(TW: the following story has semi-autobiographical elements that mention abuse, trauma and mental illness )

Tara woke up with a heavy pain in her chest. It was as if a stone had been kept upon her heart permanently. An unnatural grief spewed from it into the remains of the day. Anxiety had already taken away any structure the day could have had. Before she could even reason out getting out of bed, she began hyperventilating. Her husband woke up suddenly hearing her cry. He coaxed and comforted her. He held her close. He caressed her head gently. She subsided back to bed under the weight of Love.

When the chores of the day were almost over, she took to her chair. Maybe she’d be at peace from her thoughts, after the tiring house work. What began as a pleasant thought turned into a torrent of torment. She was questioning the value of her life and everything if anything valuable in it. Did her parents love her? Why didn’t they care enough? Would she ever be able to let go of the past? Was her marriage falling apart? Did she even love John anymore? You see, what could have been a flinching discomfort for many turned into an episode for her. She began hearing voices; each competing to be be louder than the others. She began to talk back to them assiduously, hoping they would hear Reason and subside. Timid as she was, she was soon overthrown from her sanity by a barrage of thoughts, images, voices, emotions, fears and delusion. Soon enough she was muttering words and uncontrollably crying. Maybe she could divorce John and live a solitary life? Maybe she didn’t love him anymore? Drinks…I want to drink. Fuck. Beg. Destroy myself.

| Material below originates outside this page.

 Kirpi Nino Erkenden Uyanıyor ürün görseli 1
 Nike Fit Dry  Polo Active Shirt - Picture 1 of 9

I love him, he’s the most loving person I know of. Maybe I’ll be stable with him. Maybe I’ll be happy with him. Maybe it’s the disorder not him or even me. When she was a bit alive, a bit awake, she’d reason out to herself thus. That it was not fair to blame the marriage for all her shortcomings. Hadn’t she heard these voices before as well? Hadn’t she withdrawn into her head much early on? I will not smoke, I will not. I’ll try to stop after this one. Let me at least smoke this one in peace. I’ll be better. 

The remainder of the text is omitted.